Refactor headline state parsing.

- Add separate function to parse states. - Handle edge case when no `|` is used to split TODO and DONE states. - Add typing to the states to future-proof for handling keyboard shortcuts and actions on state changes.
2024-07-20 17:29:25 +02:00 · 2024-07-20 17:29:25 +02:00 · b174405c90
commit b174405c90
parent da2d8c8c6d
1 changed files with 49 additions and 16 deletions
--- a/org_rw/org_rw.py
+++ b/org_rw/org_rw.py
@ -9,7 +9,7 @@ import re
 import sys
 from datetime import date, datetime, timedelta
 from enum import Enum
-from typing import cast, Iterator, List, Literal, Optional, Tuple, Union
+from typing import cast, Iterator, List, Literal, Optional, Tuple, TypedDict, Union

 from .types import HeadlineDict

@ -107,6 +107,15 @@ CodeSnippet = collections.namedtuple("CodeSnippet", ("name", "content", "result"
 NON_FINISHED_GROUPS = (type(None), dom.ListGroupNode, dom.ResultsDrawerNode, dom.PropertyDrawerNode)
 FREE_GROUPS = (dom.CodeBlock,)

+# States
+class HeadlineState(TypedDict):
+    # To be extended to handle keyboard shortcuts
+    name: str
+
+class OrgDocDeclaredStates(TypedDict):
+    not_completed: List[HeadlineState]
+    completed: List[HeadlineState]
+

 class NonReproducibleDocument(Exception):
    """
@ -1759,16 +1768,16 @@ def parse_headline(hl, doc, parent) -> Headline:
    title = line
    is_done = is_todo = False
    for state in doc.todo_keywords or []:
-        if title.startswith(state + " "):
+        if title.startswith(state['name'] + " "):
            hl_state = state
-            title = title[len(state + " ") :]
+            title = title[len(state['name'] + " ") :]
            is_todo = True
            break
    else:
        for state in doc.done_keywords or []:
-            if title.startswith(state + " "):
+            if title.startswith(state['name'] + " "):
                hl_state = state
-                title = title[len(state + " ") :]
+                title = title[len(state['name'] + " ") :]
                is_done = True
                break

@ -1863,29 +1872,53 @@ def dump_delimiters(line: DelimiterLine):
    return (line.linenum, line.line)


+def parse_todo_done_keywords(line: str) -> OrgDocDeclaredStates:
+    clean_line = re.sub(r"\([^)]+\)", "", line)
+    if '|' in clean_line:
+        todo_kws, done_kws = clean_line.split("|", 1)
+        has_split = True
+    else:
+        # Standard behavior in this case is: the last state is the one considered as DONE
+        todo_kws = clean_line
+
+    todo_keywords = re.sub(r"\s{2,}", " ", todo_kws.strip()).split()
+    if has_split:
+        done_keywords = re.sub(r"\s{2,}", " ", done_kws.strip()).split()
+    else:
+        done_keywods = [todo_keywords[-1]]
+        todo_keywords = todo_keywords[:-1]
+
+    return {
+        "not_completed": [
+            HeadlineState(name=keyword)
+            for keyword in todo_keywords
+        ],
+        "completed": [
+            HeadlineState(name=keyword)
+            for keyword in done_keywords
+        ],
+    }
+
+
 class OrgDoc:
    def __init__(
        self, headlines, keywords, contents, list_items, structural, properties,
        environment=BASE_ENVIRONMENT,
    ):
-        self.todo_keywords = DEFAULT_TODO_KEYWORDS
-        self.done_keywords = DEFAULT_DONE_KEYWORDS
+        self.todo_keywords = [HeadlineState(name=kw) for kw in DEFAULT_TODO_KEYWORDS]
+        self.done_keywords = [HeadlineState(name=kw) for kw in DEFAULT_DONE_KEYWORDS]
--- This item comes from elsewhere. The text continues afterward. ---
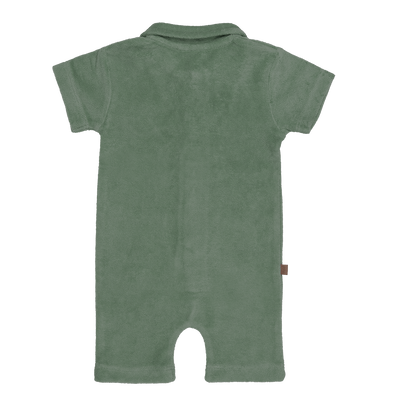 Short onesie crocodile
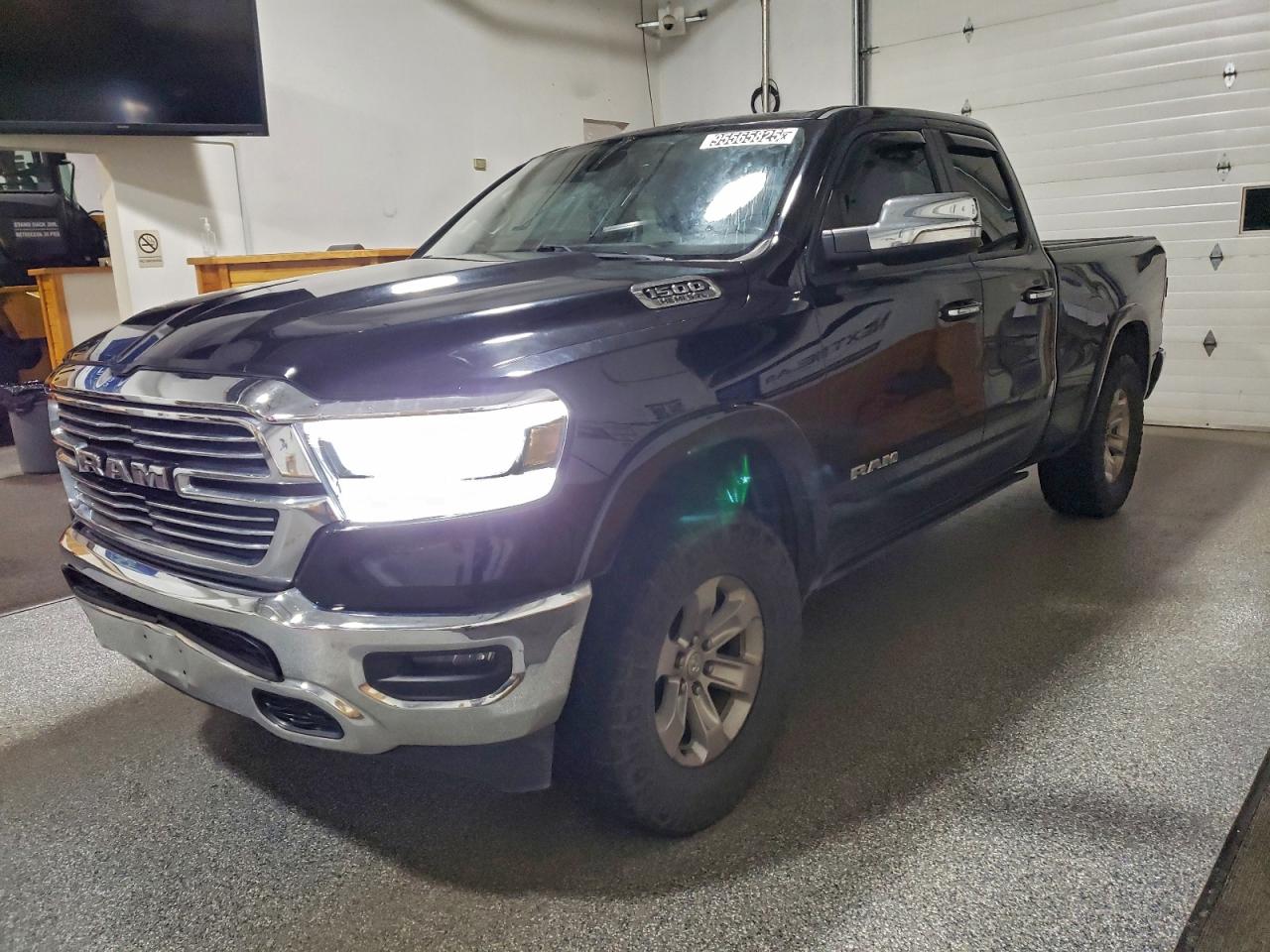 Lot #3311528260 2019 RAM 1500 LARAM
        keywords_set_in_file = False
        for keyword in keywords:
            if keyword.key in ("TODO", "SEQ_TODO"):
-                todo_kws, done_kws = re.sub(r"\([^)]+\)", "", keyword.value).split("|", 1)
-
-                self.todo_keywords = re.sub(r"\s{2,}", " ", todo_kws.strip()).split()
-                self.done_keywords = re.sub(r"\s{2,}", " ", done_kws.strip()).split()
+                states = parse_todo_done_keywords(keyword.value)
+                self.todo_keywords, self.done_keywords = states['not_completed'], states['completed']
                keywords_set_in_file = True

        if not keywords_set_in_file and 'org-todo-keywords' in environment:
            # Read keywords from environment
-            todo_kws, done_kws = re.sub(r"\([^)]+\)", "", environment['org-todo-keywords']).split("|", 1)
-
-            self.todo_keywords = re.sub(r"\s{2,}", " ", todo_kws.strip()).split()
-            self.done_keywords = re.sub(r"\s{2,}", " ", done_kws.strip()).split()
+            states = parse_todo_done_keywords(environment['org-todo-keywords'])
+            self.todo_keywords, self.done_keywords = states['not_completed'], states['completed']

        self.keywords: List[Property] = keywords
        self.contents: List[RawLine] = contents
@ -1960,7 +1993,7 @@ class OrgDoc:

        state = ""
        if headline.state:
-            state = headline.state + " "
+            state = headline.state['name'] + " "

        raw_title = token_list_to_raw(headline.title.contents)
        tags_padding = ""